### [PROBLEM REQUIREMENTS]
In the records that follow, count each line where the string "first" occurs. Provide the total and no other text.

### [SOURCE MATERIAL]

================

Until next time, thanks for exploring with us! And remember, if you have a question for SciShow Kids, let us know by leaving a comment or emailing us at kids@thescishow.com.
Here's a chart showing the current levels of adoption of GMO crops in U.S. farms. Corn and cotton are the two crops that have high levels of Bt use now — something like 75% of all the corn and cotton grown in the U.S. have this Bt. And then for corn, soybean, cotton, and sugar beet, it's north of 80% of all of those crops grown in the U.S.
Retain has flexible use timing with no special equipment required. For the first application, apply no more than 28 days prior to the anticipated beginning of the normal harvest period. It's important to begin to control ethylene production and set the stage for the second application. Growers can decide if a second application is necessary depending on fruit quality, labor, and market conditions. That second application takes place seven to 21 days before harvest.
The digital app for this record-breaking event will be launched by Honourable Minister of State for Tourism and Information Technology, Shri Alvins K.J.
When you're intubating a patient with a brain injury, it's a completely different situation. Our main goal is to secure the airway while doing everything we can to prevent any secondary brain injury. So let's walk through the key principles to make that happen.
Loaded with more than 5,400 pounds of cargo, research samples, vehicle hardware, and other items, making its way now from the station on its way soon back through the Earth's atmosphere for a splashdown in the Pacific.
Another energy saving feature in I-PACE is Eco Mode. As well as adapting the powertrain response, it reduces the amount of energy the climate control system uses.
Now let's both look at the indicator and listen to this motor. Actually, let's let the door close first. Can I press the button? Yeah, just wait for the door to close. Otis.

================

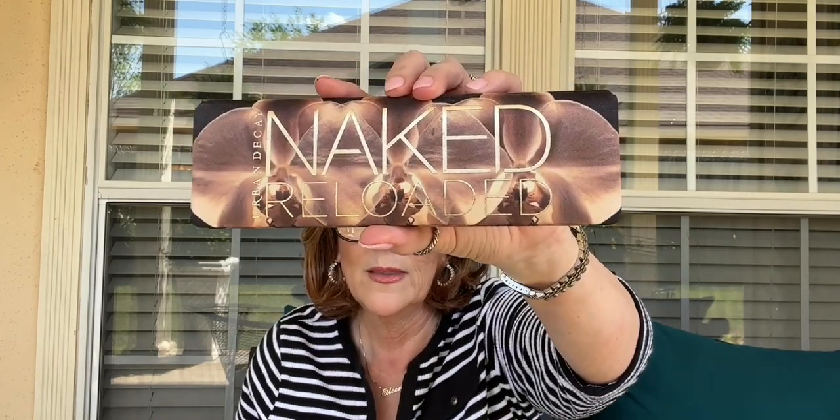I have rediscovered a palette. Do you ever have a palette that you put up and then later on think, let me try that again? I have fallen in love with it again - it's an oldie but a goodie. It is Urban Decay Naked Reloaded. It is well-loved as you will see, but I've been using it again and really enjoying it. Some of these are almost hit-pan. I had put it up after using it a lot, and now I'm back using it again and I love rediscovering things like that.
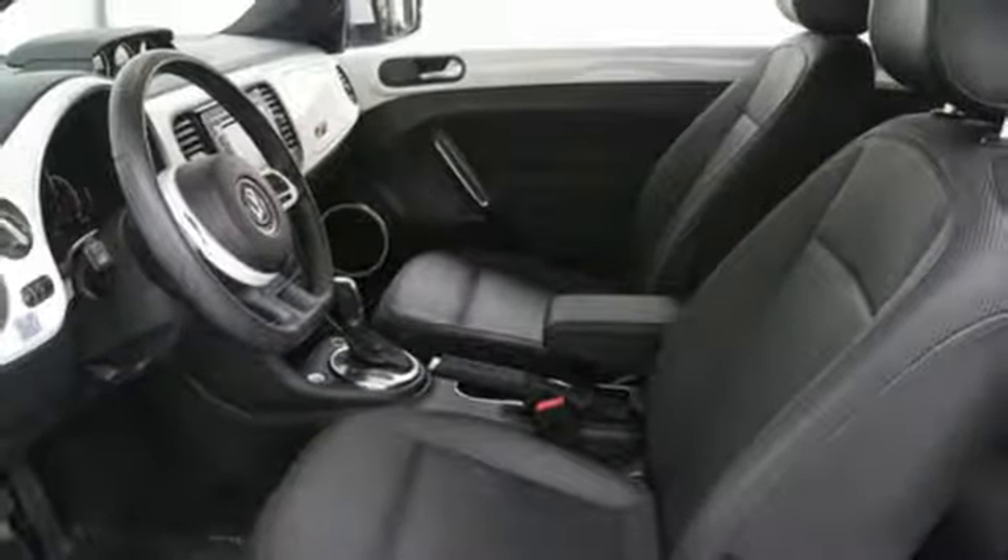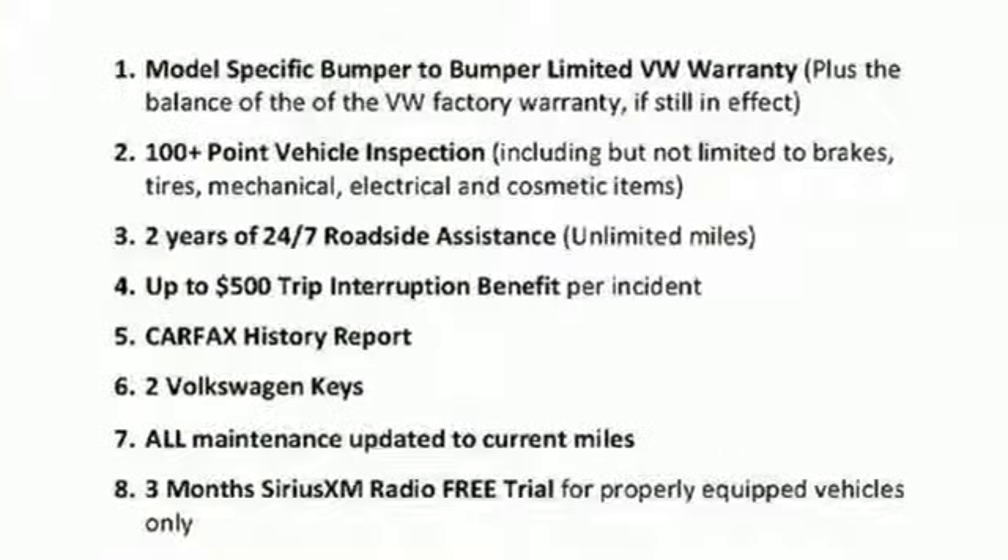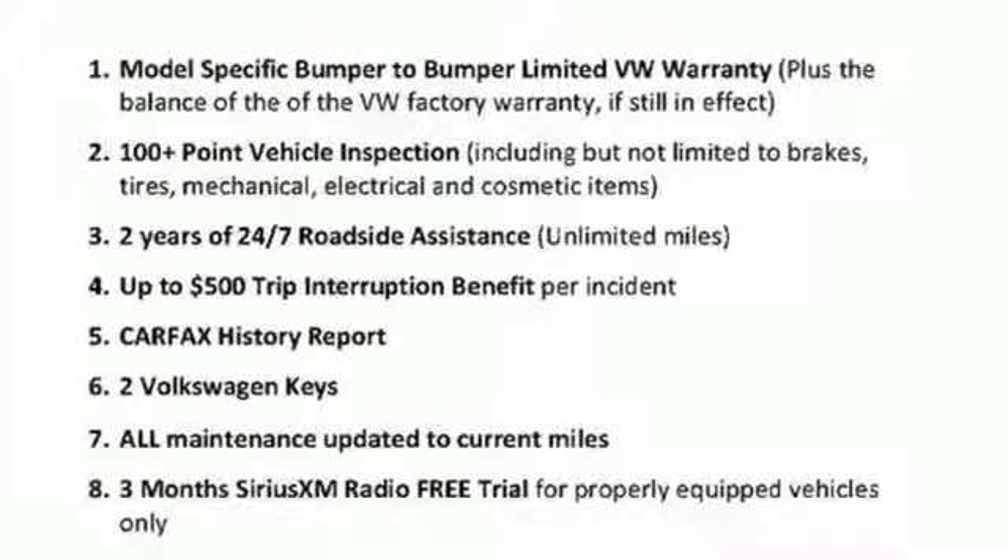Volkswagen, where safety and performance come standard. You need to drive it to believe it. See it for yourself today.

================

### [ANSWER TO THIS TASK]
2